Get predictions from a model 输入图片进行预测
(1)python程序调用的方式:
pip install -U grpcio protobuf grpcio-tools
python -m grpc_tools.protoc --proto_path=frontend/server/src/main/resources/proto/ --python_out=ts_scripts --grpc_python_out=ts_scripts frontend/server/src/main/resources/proto/inference.proto frontend/server/src/main/resources/proto/management.proto
python ts_scripts/torchserve_grpc_client.py infer densenet161 examples/image_classifier/kitten.jpg
(2)REST API
最后是图片:
curl http://127.0.0.1:8080/predictions/densenet161 -T kitten_small.jpg
return返回示例
[
{
"tiger_cat": 0.46933549642562866
},
{
"tabby": 0.4633878469467163
},
{
"Egyptian_cat": 0.06456148624420166
},
{
"lynx": 0.0012828214094042778
},
{
"plastic_bag": 0.00023323034110944718
}
]
------------Torch Model archiver for TorchServe----------------
torchserve需要一个.mar文件,转换自pytorch的pth文件或torchscript(jit的pt) 文件。
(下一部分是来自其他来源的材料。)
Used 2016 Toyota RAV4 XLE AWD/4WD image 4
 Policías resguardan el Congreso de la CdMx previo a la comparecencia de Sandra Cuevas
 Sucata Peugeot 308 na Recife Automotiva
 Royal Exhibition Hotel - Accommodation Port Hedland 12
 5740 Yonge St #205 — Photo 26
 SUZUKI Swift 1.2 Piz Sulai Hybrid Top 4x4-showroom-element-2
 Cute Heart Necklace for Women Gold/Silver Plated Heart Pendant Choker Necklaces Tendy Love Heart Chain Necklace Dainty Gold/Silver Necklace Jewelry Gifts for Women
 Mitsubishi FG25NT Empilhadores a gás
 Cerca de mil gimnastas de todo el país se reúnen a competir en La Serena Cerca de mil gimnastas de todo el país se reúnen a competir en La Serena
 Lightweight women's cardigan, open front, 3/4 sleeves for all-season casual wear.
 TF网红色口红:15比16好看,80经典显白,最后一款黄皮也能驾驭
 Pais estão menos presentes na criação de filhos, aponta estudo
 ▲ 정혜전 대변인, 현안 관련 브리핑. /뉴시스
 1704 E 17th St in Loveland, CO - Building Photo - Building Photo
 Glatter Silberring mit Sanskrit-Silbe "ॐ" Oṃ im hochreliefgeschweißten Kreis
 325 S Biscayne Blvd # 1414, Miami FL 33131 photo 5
使用独立的命令行指令,“torch-model-archiver”,可以把模型文件转换为mar文件。
创建mar存档模型需要提供:
(1)model name
(2)model file
(3)Serialized file
安装
pip install torch-model-archiver
源码安装
git clone https://github.com/pytorch/serve.git cd serve/model-archiver pip install .
命令行相关参数和用法
示例:
torch-model-archiver --model-name densenet161 --version 1.0 --model-file examples/image_classifier/densenet_161/model.py --serialized-file densenet161-8d451a50.pth --extra-files examples/image_classifier/index_to_name.json --handler image_classifier
$ torch-model-archiver -h
usage: torch-model-archiver [-h] --model-name MODEL_NAME --version MODEL_VERSION_NUMBER
--model-file MODEL_FILE_PATH --serialized-file MODEL_SERIALIZED_PATH
--handler HANDLER [--runtime {python,python2,python3}]
[--export-path EXPORT_PATH] [-f] [--requirements-file]
Model Archiver Tool
optional arguments:
-h, --help show this help message and exit
--model-name MODEL_NAME
Exported model name. Exported file will be named as
model-name.mar and saved in current working directory
if no --export-path is specified, else it will be
saved under the export path
--serialized-file SERIALIZED_FILE
Path to .pt or .pth file containing state_dict in
case of eager mode or an executable ScriptModule
in case of TorchScript.
--model-file MODEL_FILE
Path to python file containing model architecture.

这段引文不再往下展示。